> [TASK DESCRIPTION]: Within the entries below, every line containing "password" is to be copied.

> [Collected data]:
──────────────────────────────

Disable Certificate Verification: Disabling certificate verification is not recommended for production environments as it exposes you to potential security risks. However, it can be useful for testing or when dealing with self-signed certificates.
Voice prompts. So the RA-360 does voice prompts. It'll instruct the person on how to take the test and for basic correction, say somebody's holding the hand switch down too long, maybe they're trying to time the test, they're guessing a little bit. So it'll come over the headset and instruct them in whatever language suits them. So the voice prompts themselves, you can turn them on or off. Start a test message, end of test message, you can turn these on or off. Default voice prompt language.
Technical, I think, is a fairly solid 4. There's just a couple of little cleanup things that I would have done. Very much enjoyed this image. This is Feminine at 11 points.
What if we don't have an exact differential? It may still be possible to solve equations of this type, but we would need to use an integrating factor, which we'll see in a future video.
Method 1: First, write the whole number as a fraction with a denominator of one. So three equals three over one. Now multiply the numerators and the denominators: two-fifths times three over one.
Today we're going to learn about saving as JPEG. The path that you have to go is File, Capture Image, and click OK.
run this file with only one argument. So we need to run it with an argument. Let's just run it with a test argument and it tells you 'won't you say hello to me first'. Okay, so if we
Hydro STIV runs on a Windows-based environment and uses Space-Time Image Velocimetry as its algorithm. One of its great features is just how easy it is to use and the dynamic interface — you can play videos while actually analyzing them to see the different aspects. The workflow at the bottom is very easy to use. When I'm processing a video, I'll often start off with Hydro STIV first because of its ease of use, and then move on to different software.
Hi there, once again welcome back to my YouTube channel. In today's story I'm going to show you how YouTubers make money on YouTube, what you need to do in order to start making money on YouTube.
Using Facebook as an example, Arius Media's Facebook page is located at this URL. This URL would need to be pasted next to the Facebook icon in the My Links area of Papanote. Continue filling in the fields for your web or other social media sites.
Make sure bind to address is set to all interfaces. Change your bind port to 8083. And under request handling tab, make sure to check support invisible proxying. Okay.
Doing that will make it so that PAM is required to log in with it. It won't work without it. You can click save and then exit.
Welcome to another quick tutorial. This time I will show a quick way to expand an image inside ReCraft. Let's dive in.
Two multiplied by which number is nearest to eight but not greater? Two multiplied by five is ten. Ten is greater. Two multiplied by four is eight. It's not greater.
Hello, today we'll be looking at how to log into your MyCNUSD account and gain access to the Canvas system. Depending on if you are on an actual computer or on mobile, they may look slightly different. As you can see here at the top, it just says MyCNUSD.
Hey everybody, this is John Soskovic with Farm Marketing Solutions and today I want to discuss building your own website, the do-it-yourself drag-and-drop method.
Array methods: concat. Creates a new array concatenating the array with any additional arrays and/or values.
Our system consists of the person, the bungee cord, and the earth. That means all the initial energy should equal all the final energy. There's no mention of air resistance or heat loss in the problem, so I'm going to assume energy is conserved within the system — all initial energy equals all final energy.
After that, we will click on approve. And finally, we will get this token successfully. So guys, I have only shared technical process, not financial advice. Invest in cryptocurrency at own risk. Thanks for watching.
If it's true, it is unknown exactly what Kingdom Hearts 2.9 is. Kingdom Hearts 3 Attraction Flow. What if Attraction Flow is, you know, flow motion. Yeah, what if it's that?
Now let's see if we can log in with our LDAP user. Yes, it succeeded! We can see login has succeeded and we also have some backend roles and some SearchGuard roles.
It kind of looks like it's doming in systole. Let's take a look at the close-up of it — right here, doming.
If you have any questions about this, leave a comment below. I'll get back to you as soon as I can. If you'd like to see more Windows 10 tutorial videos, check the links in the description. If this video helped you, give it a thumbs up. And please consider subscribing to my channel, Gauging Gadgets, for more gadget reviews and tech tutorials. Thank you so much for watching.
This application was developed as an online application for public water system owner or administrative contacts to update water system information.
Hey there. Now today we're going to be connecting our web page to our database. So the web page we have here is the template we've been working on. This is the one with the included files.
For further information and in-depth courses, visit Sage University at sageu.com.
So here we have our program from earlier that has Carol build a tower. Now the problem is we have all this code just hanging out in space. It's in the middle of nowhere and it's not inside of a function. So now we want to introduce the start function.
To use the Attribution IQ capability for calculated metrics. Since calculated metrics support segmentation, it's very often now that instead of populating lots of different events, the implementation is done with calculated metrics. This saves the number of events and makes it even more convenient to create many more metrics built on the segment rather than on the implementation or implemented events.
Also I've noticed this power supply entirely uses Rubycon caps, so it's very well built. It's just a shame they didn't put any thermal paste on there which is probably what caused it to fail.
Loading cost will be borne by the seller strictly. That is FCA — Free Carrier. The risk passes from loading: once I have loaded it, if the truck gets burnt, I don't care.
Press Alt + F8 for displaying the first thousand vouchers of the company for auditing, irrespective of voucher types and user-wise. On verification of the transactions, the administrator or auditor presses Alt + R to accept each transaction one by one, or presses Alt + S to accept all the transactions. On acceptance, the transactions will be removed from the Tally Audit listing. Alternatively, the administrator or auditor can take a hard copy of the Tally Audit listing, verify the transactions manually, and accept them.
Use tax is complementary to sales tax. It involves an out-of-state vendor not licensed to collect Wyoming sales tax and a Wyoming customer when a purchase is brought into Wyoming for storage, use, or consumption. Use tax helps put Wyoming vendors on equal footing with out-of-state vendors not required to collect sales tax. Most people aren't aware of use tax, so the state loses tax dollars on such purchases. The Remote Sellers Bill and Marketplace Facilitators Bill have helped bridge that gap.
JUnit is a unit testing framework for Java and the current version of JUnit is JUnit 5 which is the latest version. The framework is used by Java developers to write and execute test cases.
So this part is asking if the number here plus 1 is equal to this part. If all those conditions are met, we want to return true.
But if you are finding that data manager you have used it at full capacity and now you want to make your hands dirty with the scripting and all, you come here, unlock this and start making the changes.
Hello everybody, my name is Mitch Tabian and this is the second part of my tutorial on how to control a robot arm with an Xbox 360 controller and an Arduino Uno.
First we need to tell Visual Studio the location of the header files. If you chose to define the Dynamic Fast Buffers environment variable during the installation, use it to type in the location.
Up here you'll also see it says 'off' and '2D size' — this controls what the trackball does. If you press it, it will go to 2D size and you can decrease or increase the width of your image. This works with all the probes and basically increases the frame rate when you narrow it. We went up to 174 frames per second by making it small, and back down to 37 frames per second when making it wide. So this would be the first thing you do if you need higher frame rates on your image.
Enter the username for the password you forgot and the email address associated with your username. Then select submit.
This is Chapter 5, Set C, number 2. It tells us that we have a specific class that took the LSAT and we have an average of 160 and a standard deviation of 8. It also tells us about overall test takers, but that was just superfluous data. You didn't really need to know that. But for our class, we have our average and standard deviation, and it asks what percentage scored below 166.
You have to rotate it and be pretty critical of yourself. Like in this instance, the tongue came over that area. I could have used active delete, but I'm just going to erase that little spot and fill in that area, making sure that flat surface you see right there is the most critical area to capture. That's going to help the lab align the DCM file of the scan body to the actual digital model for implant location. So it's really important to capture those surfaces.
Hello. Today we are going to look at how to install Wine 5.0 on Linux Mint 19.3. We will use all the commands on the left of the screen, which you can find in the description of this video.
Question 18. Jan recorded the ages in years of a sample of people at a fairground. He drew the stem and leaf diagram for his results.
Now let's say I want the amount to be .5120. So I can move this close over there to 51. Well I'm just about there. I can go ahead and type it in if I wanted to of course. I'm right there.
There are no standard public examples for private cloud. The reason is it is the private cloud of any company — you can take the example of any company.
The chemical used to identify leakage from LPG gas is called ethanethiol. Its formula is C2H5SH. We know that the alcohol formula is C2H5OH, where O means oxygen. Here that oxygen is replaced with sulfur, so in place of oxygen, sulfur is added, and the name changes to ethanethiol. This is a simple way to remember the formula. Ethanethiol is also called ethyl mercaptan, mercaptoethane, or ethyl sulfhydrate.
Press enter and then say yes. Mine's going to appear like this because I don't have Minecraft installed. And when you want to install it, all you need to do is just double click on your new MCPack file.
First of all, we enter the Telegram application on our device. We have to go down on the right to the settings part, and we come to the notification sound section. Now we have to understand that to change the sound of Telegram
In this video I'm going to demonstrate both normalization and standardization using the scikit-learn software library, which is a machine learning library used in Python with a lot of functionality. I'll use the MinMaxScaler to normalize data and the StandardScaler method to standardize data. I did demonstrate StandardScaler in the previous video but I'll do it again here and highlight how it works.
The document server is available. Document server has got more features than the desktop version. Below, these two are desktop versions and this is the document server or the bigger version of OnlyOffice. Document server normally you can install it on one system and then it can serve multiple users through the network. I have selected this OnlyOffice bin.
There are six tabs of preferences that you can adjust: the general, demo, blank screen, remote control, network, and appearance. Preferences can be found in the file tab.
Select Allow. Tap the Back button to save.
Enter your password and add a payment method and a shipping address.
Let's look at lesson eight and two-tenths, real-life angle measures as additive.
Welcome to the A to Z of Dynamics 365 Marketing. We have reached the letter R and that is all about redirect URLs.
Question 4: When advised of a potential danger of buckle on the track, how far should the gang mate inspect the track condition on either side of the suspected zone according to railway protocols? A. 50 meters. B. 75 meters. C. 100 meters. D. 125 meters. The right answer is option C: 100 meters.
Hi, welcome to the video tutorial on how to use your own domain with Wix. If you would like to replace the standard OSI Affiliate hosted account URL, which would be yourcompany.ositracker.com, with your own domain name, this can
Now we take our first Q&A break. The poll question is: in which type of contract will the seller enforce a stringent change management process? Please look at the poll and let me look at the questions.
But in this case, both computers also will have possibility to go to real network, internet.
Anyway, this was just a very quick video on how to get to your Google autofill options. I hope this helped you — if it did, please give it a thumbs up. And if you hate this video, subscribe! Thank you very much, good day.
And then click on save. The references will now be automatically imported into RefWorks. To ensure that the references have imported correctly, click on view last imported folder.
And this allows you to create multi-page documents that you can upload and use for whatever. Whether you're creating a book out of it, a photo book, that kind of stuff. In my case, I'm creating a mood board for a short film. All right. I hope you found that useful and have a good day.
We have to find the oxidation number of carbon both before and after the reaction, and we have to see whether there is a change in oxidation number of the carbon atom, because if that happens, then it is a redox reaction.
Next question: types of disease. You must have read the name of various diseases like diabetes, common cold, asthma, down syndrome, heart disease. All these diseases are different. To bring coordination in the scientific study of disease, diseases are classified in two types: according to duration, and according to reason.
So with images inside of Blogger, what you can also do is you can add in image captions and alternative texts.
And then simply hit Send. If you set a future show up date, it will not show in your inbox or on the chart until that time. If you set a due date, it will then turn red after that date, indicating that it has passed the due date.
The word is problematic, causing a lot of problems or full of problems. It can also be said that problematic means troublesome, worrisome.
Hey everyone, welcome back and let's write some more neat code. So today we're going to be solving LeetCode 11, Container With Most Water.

──────────────────────────────

> [SOLUTION FOR THIS EXERCISE]:
Enter the username for the password you forgot and the email address associated with your username. Then select submit.
Enter your password and add a payment method and a shipping address.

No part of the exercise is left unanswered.